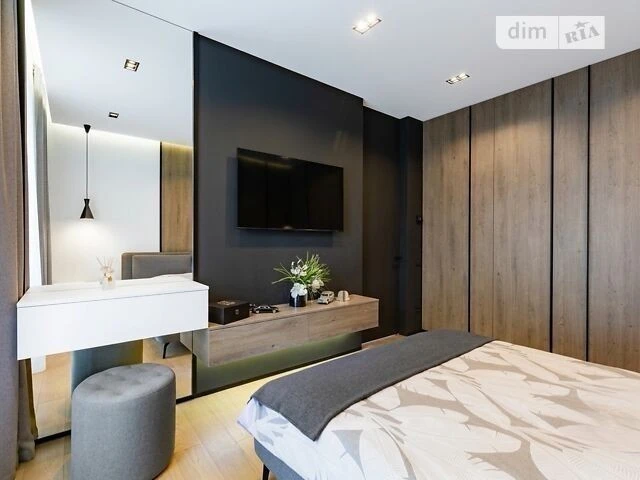 Sale of 1-room apartment 52 sq. m. on Andriy Verkhoglyada St. 15B •
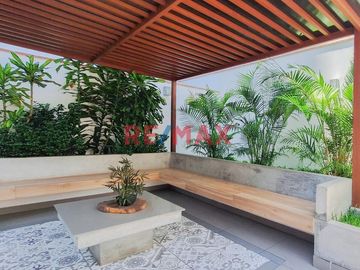 Vive En Un Exclusivo Dúplex Con Terraza Privada En La Cuadra 1 De Los Patriotas, San Miguel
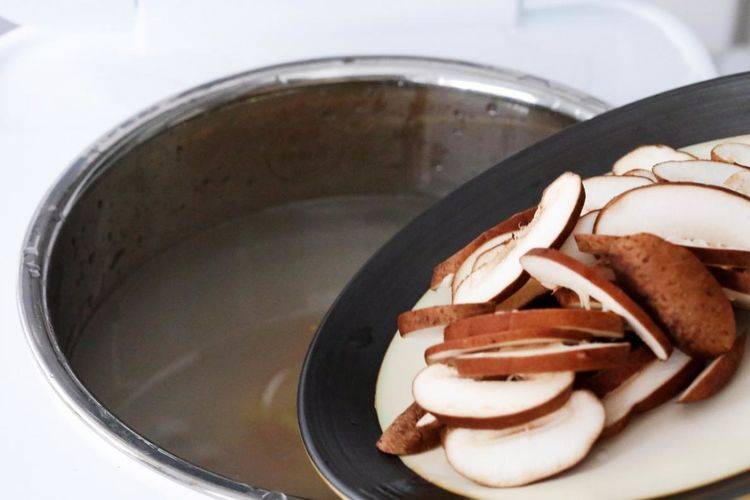 去腥|香菇鸡丝粥的家庭做法，营养美味，做法简单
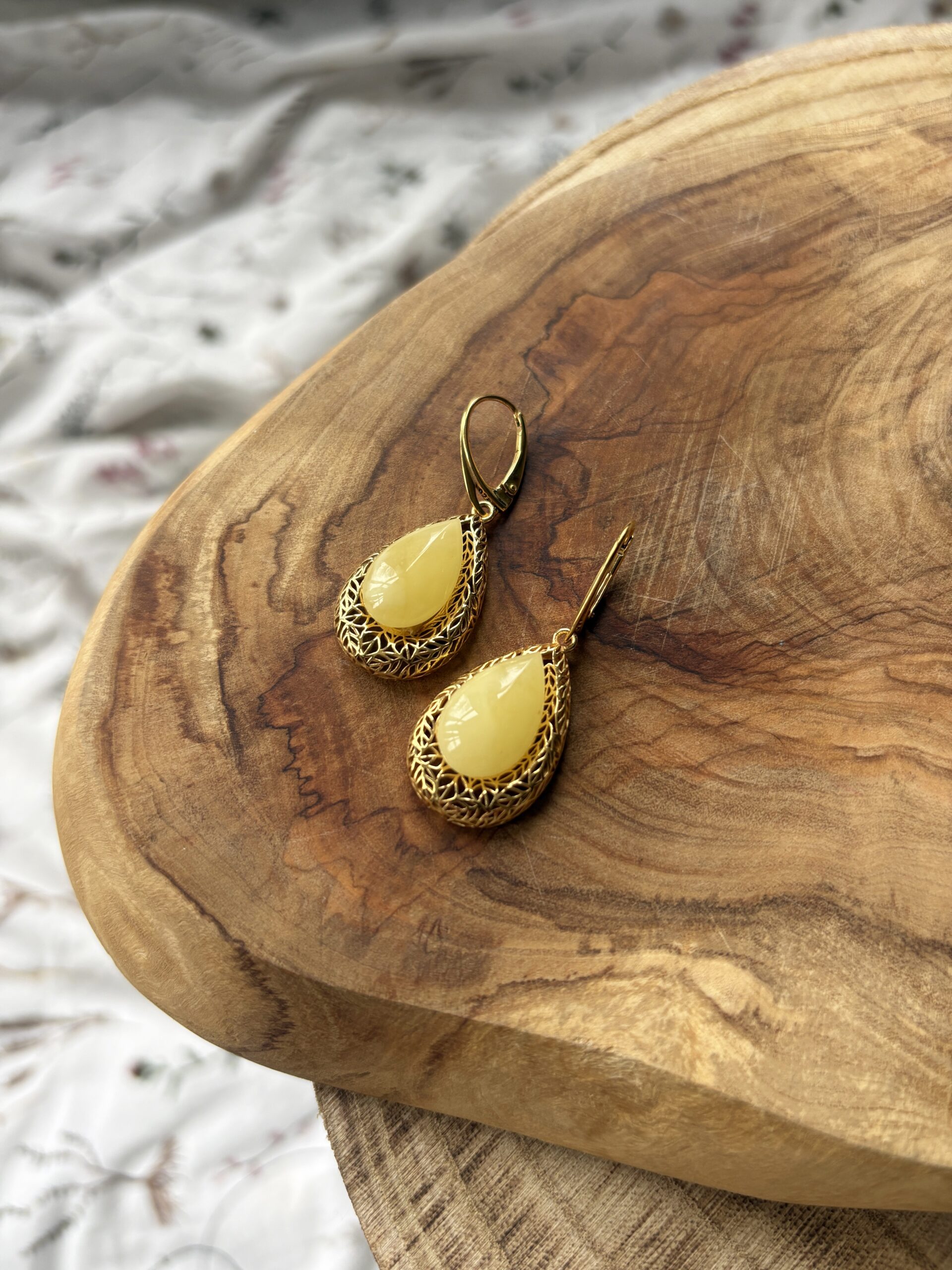 Pierścionek srebrny pozłacany Pióro z bursztynem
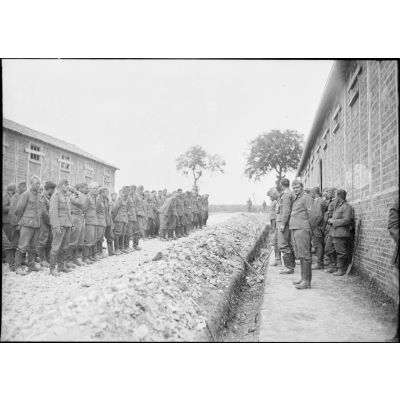 Regroupement de prisonniers allemands dans un camp de prisonniers.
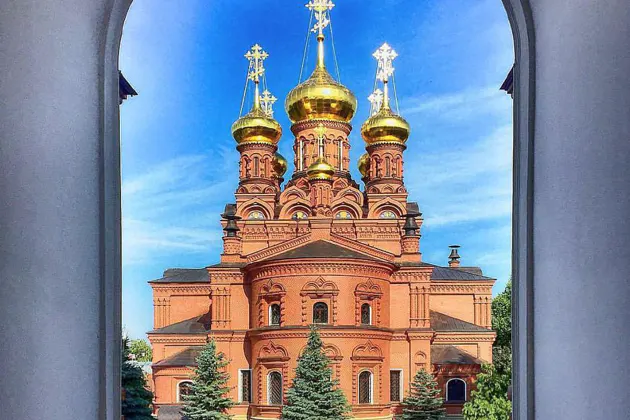 Один день в городе Сергия: семичасовая обзорная экскурсия на автомобиле — фото 3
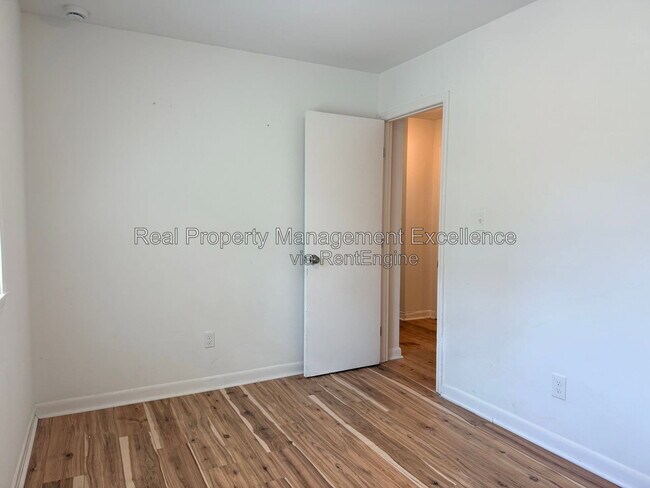 Building Photo - 108 Hassell Ct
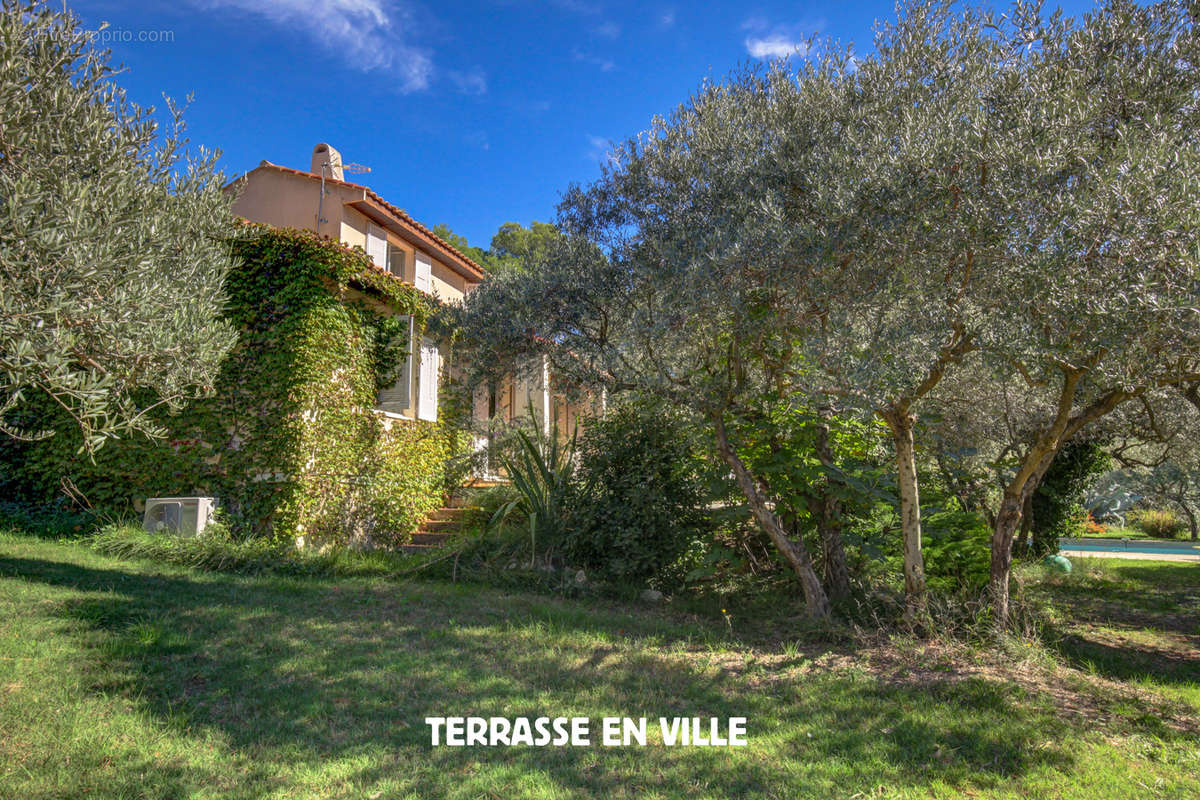 Maison à AIX-EN-PROVENCE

HOW TO COMPLETE THIS TASK:
Keep the pictures out, and write out the rest of the data above word for word.

WRITTEN SOLUTION:
 Sale of 1-room apartment 52 sq. m. on Andriy Verkhoglyada St. 15B •
 Vive En Un Exclusivo Dúplex Con Terraza Privada En La Cuadra 1 De Los Patriotas, San Miguel
 去腥|香菇鸡丝粥的家庭做法，营养美味，做法简单
 Pierścionek srebrny pozłacany Pióro z bursztynem
 Regroupement de prisonniers allemands dans un camp de prisonniers.
 Один день в городе Сергия: семичасовая обзорная экскурсия на автомобиле — фото 3
 Building Photo - 108 Hassell Ct
 Maison à AIX-EN-PROVENCE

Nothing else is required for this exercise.